Obviously this is still pretty rough. I intend to use the tests for a Caching block I just wrote for Microsoft Enterprise Library along with pseudocode for the library to show the design decisions. The goal is to show devs how to create tests that will server as documentation.

Does this sound remotely interesting? Any suggestions about other things to cover?

And for those of you in St. Louis, I’m going to be giving a talk on this subject at this month’s XPSTL (9/1).

— bab

Button’s Law of Design Maturity

The prevalence of Singletons in a design is inversely proportional to the maturity of the design, and the designers.

Be it known, that from this day forward, this shall be known as Button’s Law. (Just kidding)

There is a note a truth here, however. I’ve talked to a lot of the best designers that I know in the field, and we all share a common opinion. (Not that I’m putting myself in the same class as these developers. I’m merely stating that we share the same opinion!!!) Singletons can be a useful pattern, but they are also the most abused pattern seen in the wild. You can read about my personal feelings about singletons in Scott Densmore’s blog.

Joshua Kerievsky has written an excellent summary of this point of view in his new book, Refactoring to Patterns. Reading this chapter in his book is what brought this rant to mind.

I now return you to your regularly scheduled programming.

— bab

Quick trip report from XP/Agile Universe

I just got back from the 4th annual XP/Agile Universe conference, held this year in Calgary.
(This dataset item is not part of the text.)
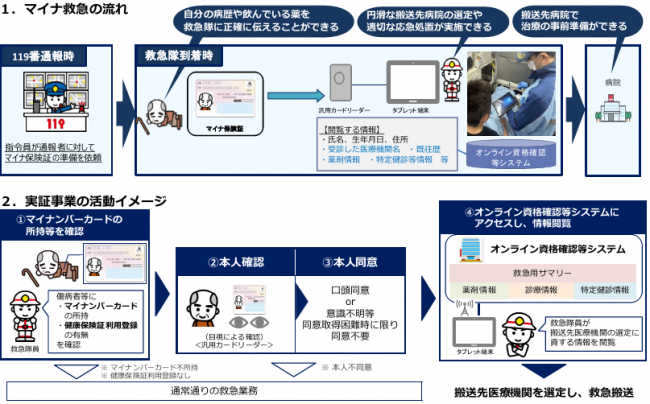 マイナ救急イメージ図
I was only able to attend the first 2 days due to other obligations, but I wanted to share what happened while I was there.

It started Sunday, with a day full of tutorials. I’ve been the tutorial chair for the last three years, and I’ve noticed a shift in the attendance patterns. The first year, we had more tutorials focused on basic agile programming techniques, like TDD and refactoring. Now, the tutorials seem more focused on project management and process details. And the tutorial seats sold definitely favored the PM and process fields rather than the more technical practices.

Monday morning, the conference officially opened with three keynotes. In keeping with tradition at this conference, one of the keynotes was from an “outsider”, someone not part of the XP/Agile movement. This year it was Chris Avery, who talked about Ultimate Agility. This talk was about how to change yourself without actually changing. This fit in very nicely with the psychological bent of many of the original XP’ers. I’ve personally always had a bit of a problem with the touchy-feely side of the agile methods, but they are an integral part of the change to agility. The next two talks were more to my liking personally. Each of them described a particular part of “Crossing the Chasm”, the process of bringing XP and the agile methods into the mainstream. Mary Poppendieck talked about how to sell XP to management, which is the challenge that we face now. We are at the precipice of the chasm with respect to adoption of agility — we are at the point where the early adopters and visionaries are already on-board with XP, but we now have to start talking to the pragmatists. These are the ones who aren’t interested in technology or adopting new things just for the sake of their newness — they want to find out about other pragmatists are doing with it. This means that we can’t sell XP to this group the same way we sold it to the early-adopters. Instead, we have to find them others in their same shoes who are using and succeeding while being agile. And, finally, Brian Marick talked about how TDD has crossed that chasm. Writing code test first and refactoring have made it into the mainstream, as demonstrated by the prevalence of xUnit-like tools built into many IDEs. Writing unit tests is becoming part of our everyday jobs for more and more people, and now we just have to ride that wave and try to stay in front of its crest. (Jim Newkirk has an excellent summary of Brian’s talk)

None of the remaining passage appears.